Croissants Have Become My Nemesis
Updated: Jul 7, 2020
I don’t know why, but during these lockdown times I’ve been borderline obsessed with baking croissants. Baking croissants from scratch is a two day (I’m not even joking) process. The best parts are: punching dough (it’s fun and violent), watching your dough triple in size when it rises, cutting your dough open to look at the layers of butter, and when you shape the croissants and they actually look like croissants (that doesn’t happen very often for me). The best part is pulling them open and seeing well-formed layers, the honeycomb structure that proves you’ve baked a successful croissant. I’ll never be able to eat another croissant again without looking for honeycomb in its layers.
This is my second time making croissants.

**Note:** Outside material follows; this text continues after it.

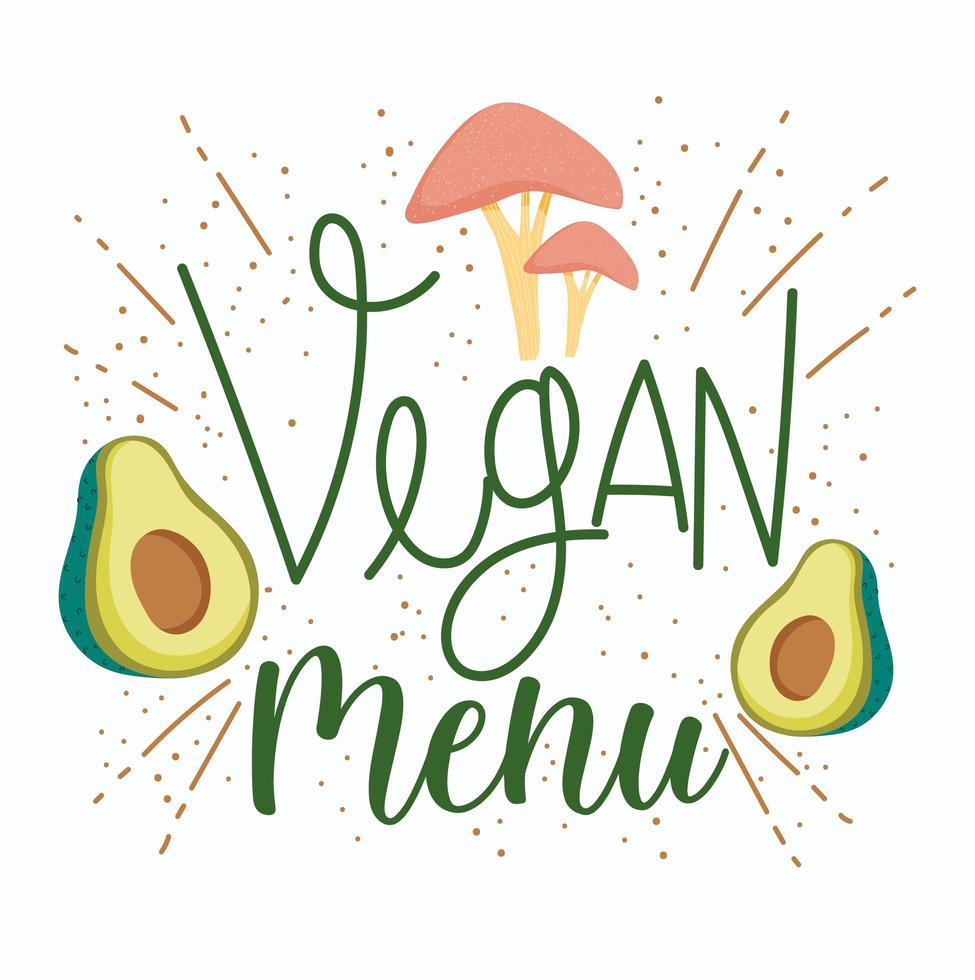 Diseño de menú vegano con aguacate y champiñones. vector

The main thing I’ve learned in my attempts is how many things can go wrong with making them. The first time, I over-watered and over-floured my dough, my butter was too soft and there wasn’t enough of it. It was too hot in my house, there was too much moisture in the air. It’s not very often in life that it’s easy to fix things. I just ask google. It’s satisfying to work out why. Its satisfying to try new ways of making and to have them work. Its satisfying to have hours and hours of work wrapped up into layers of buttery dough.
I’m aware, if it wasn’t for the lockdown, I wouldn’t be doing this. I would be out in a London field somewhere with some tins from the supermarket. I’d be sitting in the sun, I’d be talking out the end of my degree. I’d be flying to New York in two weeks, I’d be looking at where to go, what things to do.
But croissants are still fun. Trying to get them right is a near obsession, an emotional journey as well as a physical one. I feel the trials and joys of baking, even though I’m not a baker, by trying these stupidly technical and difficult recipes. The lockdown has given me time and space to allow myself to do things that eat up time. Life's too short! (not in Lockdown it isn't). I’m reading the Goldfinch, all 900 pages of it. I’m baking croissants, wrapping them up in (what seems like to me) 900 layers. I’m walking in circles. There’s new thrills for me, the thrill of working fast before the summer sun melts the butter under my hands. There’s the thrill of learning a new language for baking, for knowing the science behind food and how its constructed.
Sometimes I think about how this time will leave marks on everyone. For me, I know in years to come I’ll be looking for the honeycomb, cringing, telling someone: remember when we all stayed inside?